The entries below contain a line with "Bed Frame without" and a line with "For iPhone 13". Retype exactly everything from the first down to the second, both included, and nothing else.

→ **Dataset excerpts**:
----------
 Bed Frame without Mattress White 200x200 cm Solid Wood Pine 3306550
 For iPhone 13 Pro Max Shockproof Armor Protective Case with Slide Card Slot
----------
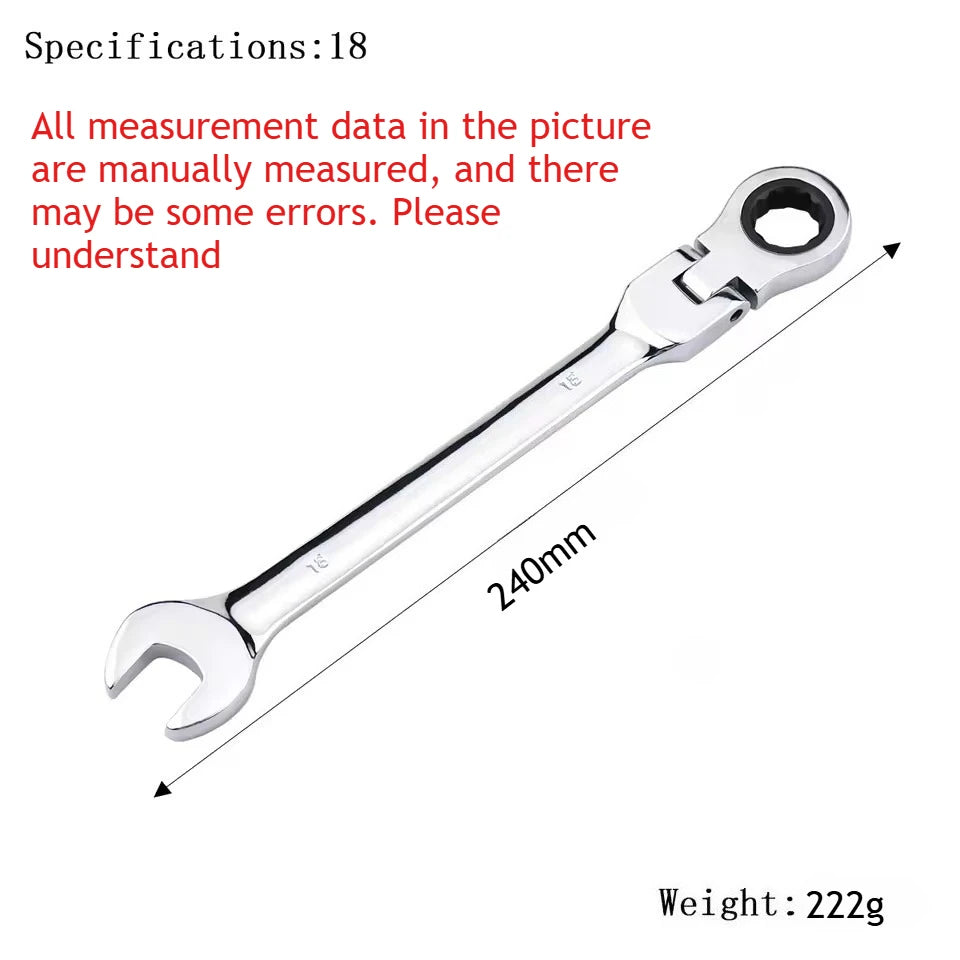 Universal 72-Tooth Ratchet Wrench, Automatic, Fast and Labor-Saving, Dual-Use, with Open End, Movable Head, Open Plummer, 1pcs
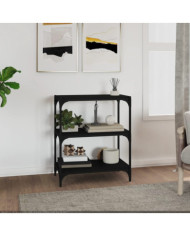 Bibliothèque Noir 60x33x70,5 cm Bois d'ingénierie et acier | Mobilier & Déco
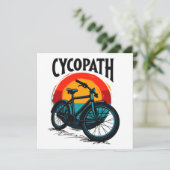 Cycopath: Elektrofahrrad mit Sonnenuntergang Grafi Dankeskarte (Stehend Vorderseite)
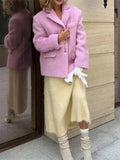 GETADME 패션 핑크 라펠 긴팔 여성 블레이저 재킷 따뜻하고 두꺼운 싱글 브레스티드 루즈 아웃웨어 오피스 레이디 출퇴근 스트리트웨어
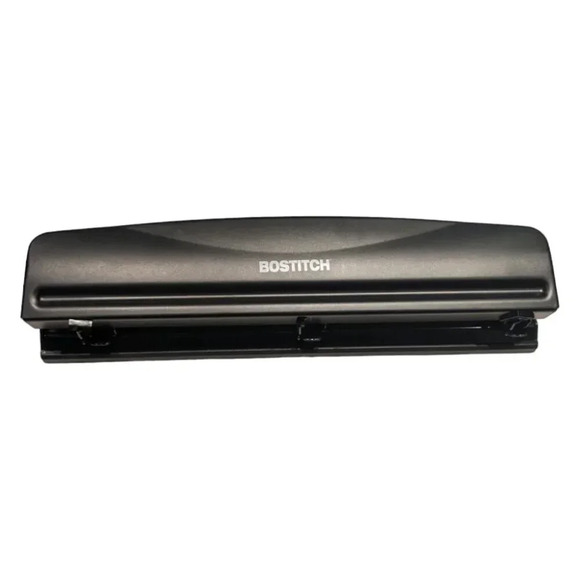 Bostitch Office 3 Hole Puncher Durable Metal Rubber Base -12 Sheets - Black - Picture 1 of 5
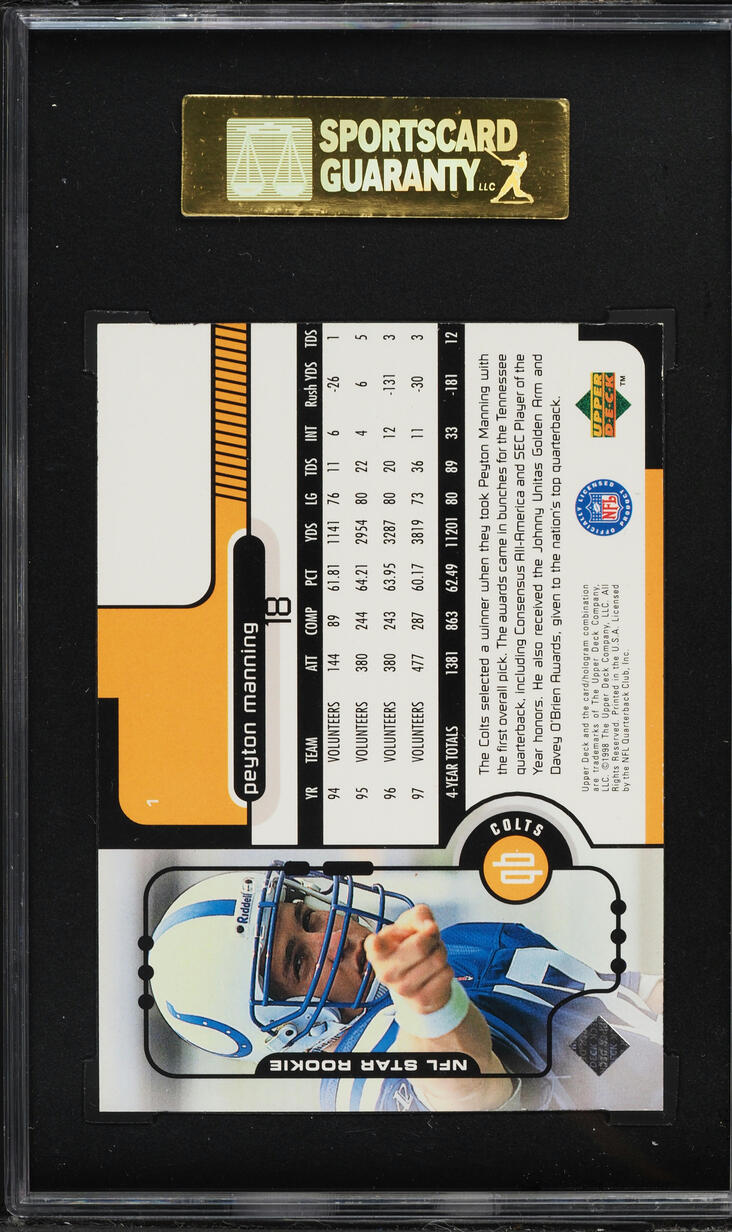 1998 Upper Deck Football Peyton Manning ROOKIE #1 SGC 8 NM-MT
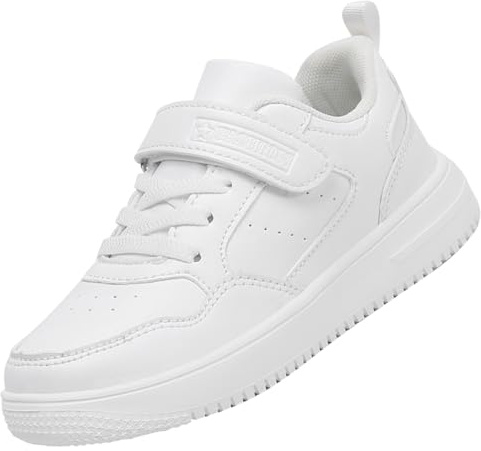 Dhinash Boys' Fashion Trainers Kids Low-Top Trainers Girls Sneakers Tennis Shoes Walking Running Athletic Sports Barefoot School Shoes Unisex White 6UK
----------
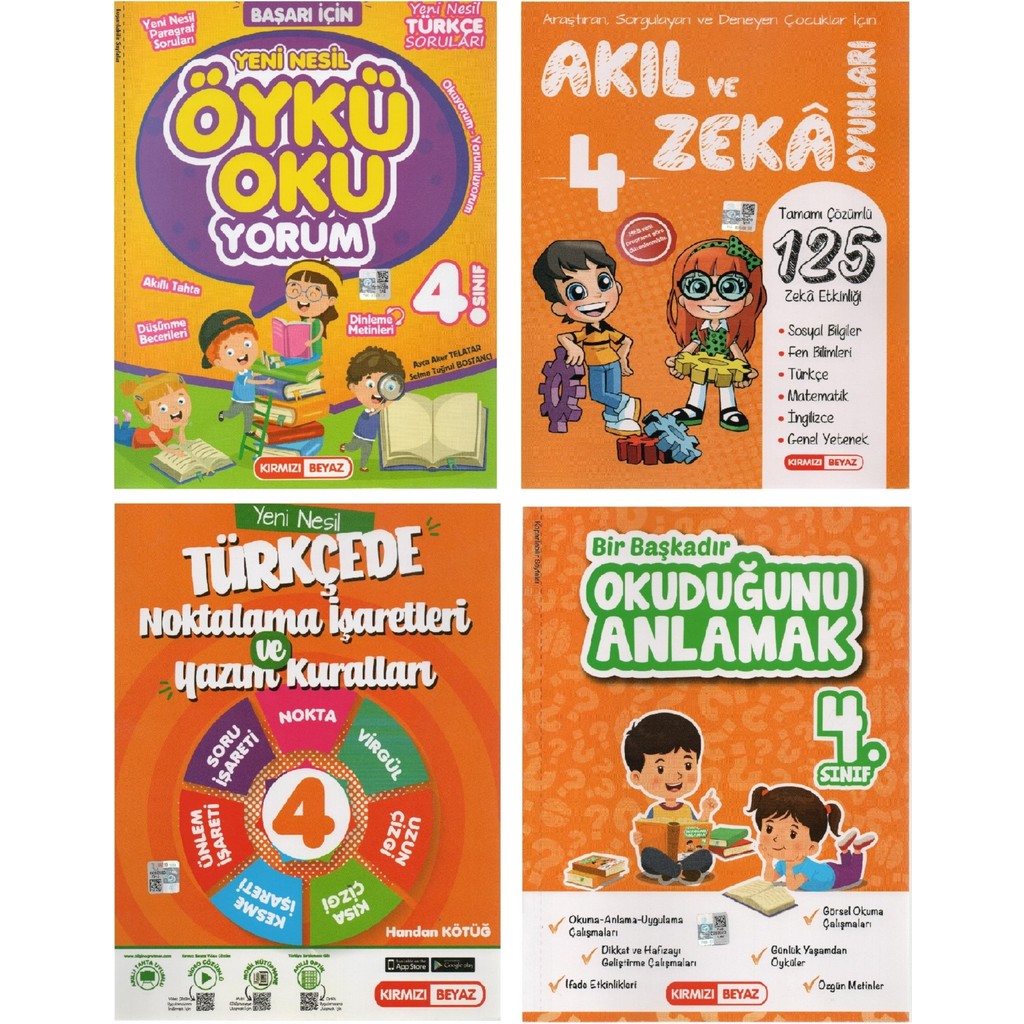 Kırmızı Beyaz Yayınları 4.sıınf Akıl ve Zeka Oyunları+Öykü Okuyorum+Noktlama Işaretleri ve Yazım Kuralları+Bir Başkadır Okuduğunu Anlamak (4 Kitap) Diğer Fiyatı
----------
→ **Exercise answer**:
 Bed Frame without Mattress White 200x200 cm Solid Wood Pine 3306550
 For iPhone 13 Pro Max Shockproof Armor Protective Case with Slide Card Slot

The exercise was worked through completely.